Rotary encoder speed control, is encoder turning fast? update the counter +10

Hi,

I have a rotary encoder library that I have downloaded from the internet, and the code for reading the rotary encoder works perfectly but there is something that I would like to add to the code to make it better, what I want to add is "speed control" for the encoder, so for example, if I spin the encoder fast, instead of updating the counter once every reading of the encoder changing position, I would increase the counter x2 faster, this way if I'm using the encoder to set a value between 0-1000 instead of rotating the encoder 1000 times to get to the 1000 val I would only need to spin for example 100 times if I spin it fast, if I would spin it slow it would only update the encoder like usual, once per step.

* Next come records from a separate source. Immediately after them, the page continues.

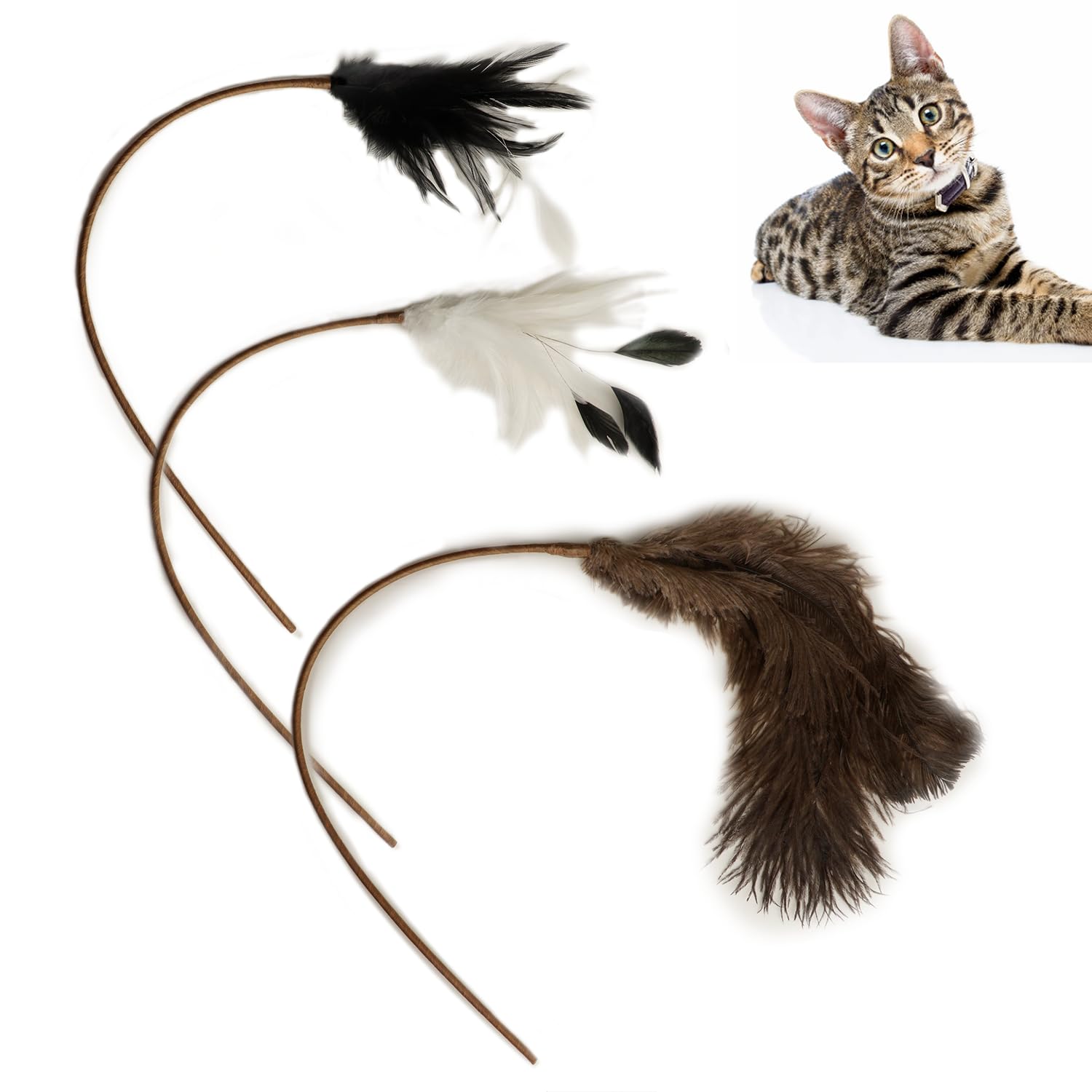 Fupusun Update 2022 Cat Feather Toys, 4 Pcs Cat Wand Toys, Catnip-Added, Cat Rainbow Wand Toy, Cat Interactive Toys For Indoor Cats&Kitten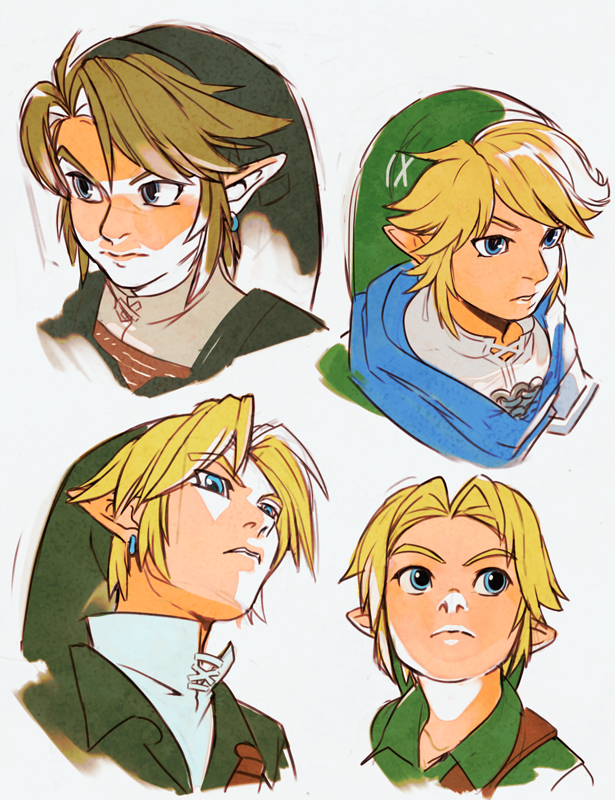 blonde_hair blue_eyes brown_hair clothed clothing eyebrows green_clothing hair humanoid humanoid_pointy_ears hylian link male nintendo not_furry solo the_legend_of_zelda uzucake young young_link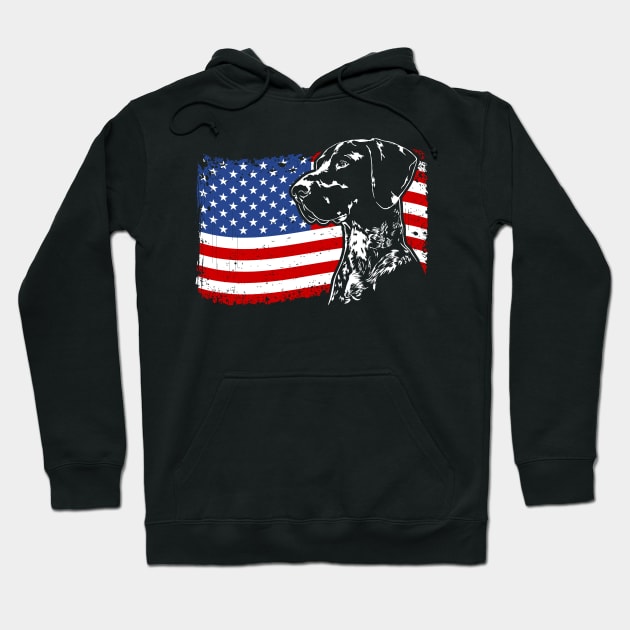 German Shorthaired Pointer Mom Dad American Flag patriotic dog Hoodie by wilsigns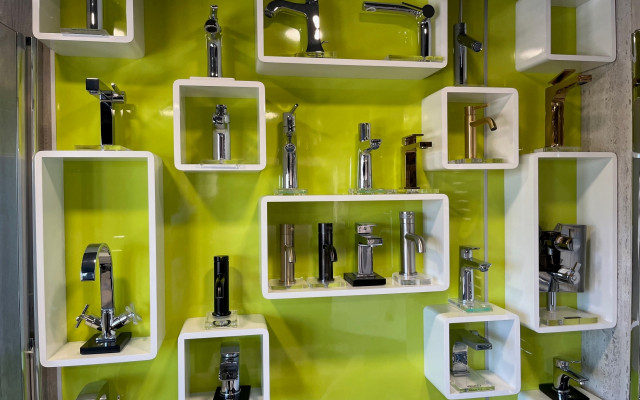 Explore our stunning tap display at WC1 Bathrooms, showcasing a variety of stylish options.
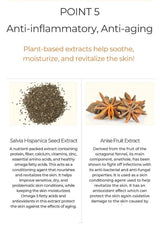 Text about anti-inflammatory and anti-aging properties of plant-based extracts with images of Salvia Hispanica Seed Extract and Anise Fruit Extract.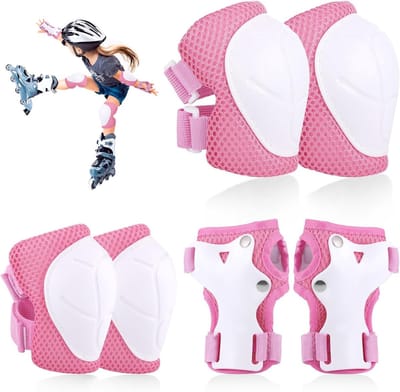 Beschermingsset voor kinderschaatsen - Schaatsbescherming - Geschikt voor kinderen van 3 tot 8 jaar - 6-delige set - Beschermingsset voor inline skates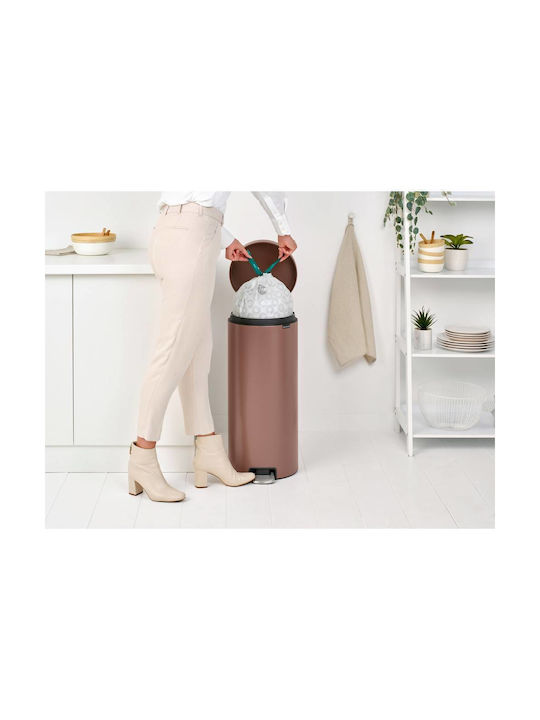 Brabantia Newicon Coș de Gunoi Metal cu Pedală Maro 30lt 1buc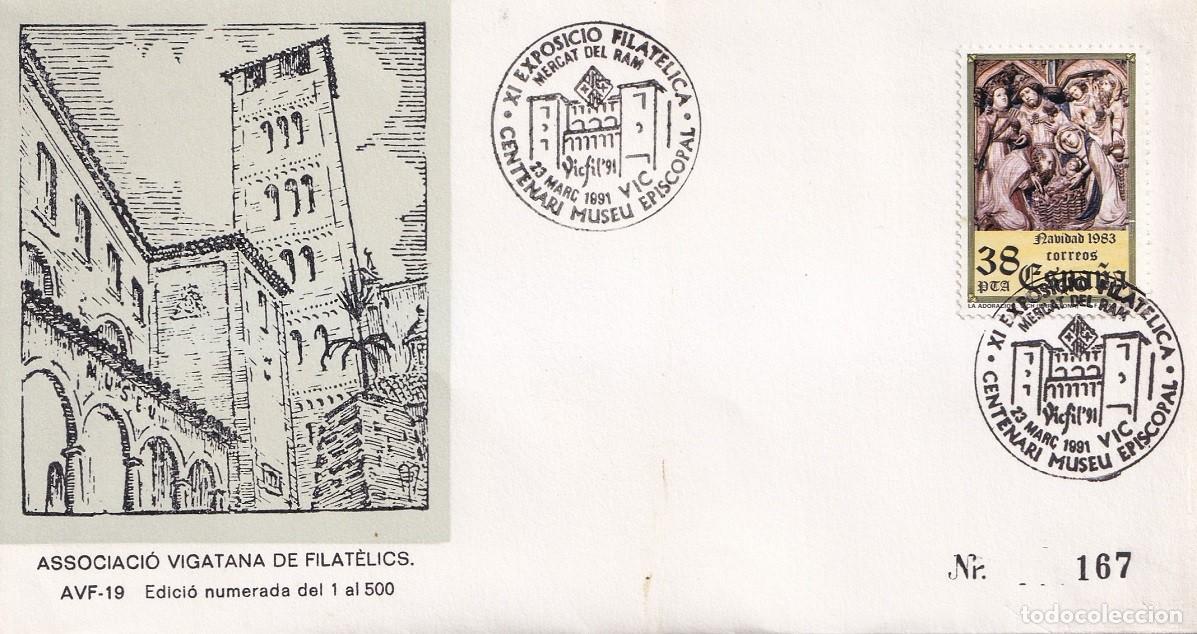 Sellos: Sobre Vic 1991 - Vicfil 91 - Centenario Museo Episcopal Vic - Mercat del Ram - Exp. - N&ordm; 167 de 500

So I taught about checking if the (if) function that runs in a loop that is checking if the encoder is rotating is accomplished for 5 times at least (5 updates to the counter) in less then 250ms for example, it would update the counter by 5 every step. the numbers are not critical as I can adjust them if I find the encoder too sensitive to speed.

My question is simple, How do I do this? I've tried various method like checking time elapsed and things like that, I also taught about maybe having a for loop and checking if the loop reached to 50 for example and the if statement accomplished for 5 time but I'm pretty new to arduino so I also had problems with that.

This is the code:

// Designed by ZeTeX -- for battery powered PSU -- 07/1/17 //

#include <Rotary.h>
Rotary rotary = Rotary(5, 6); // Connect Encoder To Pin 5, 6.

unsigned int counter;

void setup() {
  Serial.begin(57600);
  Serial.println("Start");
  pinMode(11, OUTPUT);
  }

  void loop() {
  unsigned char result = rotary.process();
  if (result == DIR_CW && counter < 255) { // Is the encoder rotating CW? if yes, counter ++
        counter++;
        Serial.println(counter);
  }
  //
    else if (result == DIR_CCW && counter > 0) { // Is the encoder rotating CCW? if yes, counter --
    counter--;
    Serial.println(counter);
  }
  //

   analogWrite(11, counter); // Output a voltage of the encoder reading
  }

This blog post from some time ago explains one way that you could do this:

marco_c:
This blog post from some time ago explains one way that you could do this:
Adaptive User Input with a Rotary Encoder – Arduino++

The Idea is nice but I'm having more of a problem of implementing it in the code, like measuring the time and things like that, the idea he does is basically what I taught of doing, but because I'm simply new to arduino I have never worked with measuring time and things like that so I just can't get it working.
I would like first to know how exactly can I measure the time between each pulse of the encoder (each (if) checking), how would you do such things? all I need to do is to check the time between each encoder pulse reading and if the time is smaller then 250ms for example this means I'm turning the encoder fast, so then I could just make the counter jump in 25 (25, 50, 75, 100..) or any other value like that.
the idea of doing it logarithmic is nice but really I only need to step it from 0-255 and not 0-20000.

"taught" is what a teacher did yesterday. "thought" is what my brain did yesterday (well I think it did).

Without knowing how your library works I cannot say how you can time the pulses from the encoder while using the library.

If you had your own Interrupt Service Routine (ISR) to detect the pulses it would be easy to get it to record the value of micros() for every pulse and if the difference between the value for the previous pulse and for the current pulse was less than X you could increment the counter by more the 1.

...R

'm having more of a problem of implementing it in the code

Well, you have a working library that you can use or look at how it works.

measure the time between each pulse of the encoder

... or measure number of encoder ticks in a time period

I only need to step it from 0-255 and not 0-20000

As per the blog article, the step size is highly tunable to what you need it to be.